No Vote Yet On Shield Law


The Senate Judicary Committee once again was unable to end debate or vote on the Free Flow of Information Act, the federal shield law that would protect journalists and their sources from government overreach.

Consideration of the bill had been put off from last Thursday after there were not enough Senators--10--to make a quorum because they were working on health care.

While there were enough for a quorum this time around, health care still intruded. Four of the five senators who had amendments they wanted to introduce were not present because of a finance committee markup on health care reform.

"In light of the number both for and against it who are not here today, we're not going to be able to end debate on the measure."

Committee chairman Patrick Leahy said in light of that "unique" situation with the finance committee markup, he was willing to give the bill some extra time, but was clearly disappointed.
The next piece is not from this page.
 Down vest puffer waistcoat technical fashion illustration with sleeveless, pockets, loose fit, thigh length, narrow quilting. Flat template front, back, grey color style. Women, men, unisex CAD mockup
But he was also firm in his resolve that the bill would get done.

He said he had talked with the Attorney General and said the administration may want to sugggest a couple of last minute changes after the bill is passed out of committee, but said: "The bill will be passed."

The bill passed in the House by a voice vote last March.

Republicans have raised concerns that the law tilted too much in favor of journalist protections and away from the interests of law enforcement and national security. But the committee last week unanimously adopted changes to address some of those concerns. According to a summary of the amendment, it:

• Clarifies that the public interest balancing test that the court will apply in media shield cases should weigh and consider the public interest in the particular news story at issue.
• Clarifies that an individual who is engaging in activity that is not protected by the First Amendment cannot claim the privilege.
• Expands the national security exception to the privilege.
• Clarifies that, in a leak investigation, the government need not prove that a person with authorized access to classified information leaked that information before seeking confidential source information.
• Adopts procedures for review and appeal that explicitly allows for the ex parte review of protected material, under seal, upon good cause shown by any party, and requires review of a decisions by a district court within 30 days and an expedited interlocutory review in appellate court
• Narrows the definition of "covered person" to include only those individuals who are engaged in journalism, with the intent to engage in journalism at the inception of the activity
• Provides for more specific notice to communications service providers, and makes clear that such providers should not comply with an order to produce information until enforced by a court or authorized in writing by a covered person
• Clarifies that the bill does not preempt state laws governing defamation, slander and libel, explicitly does not modify grand jury secrecy laws, and explicitly does not modify the Foreign Intelligence Surveillance Act.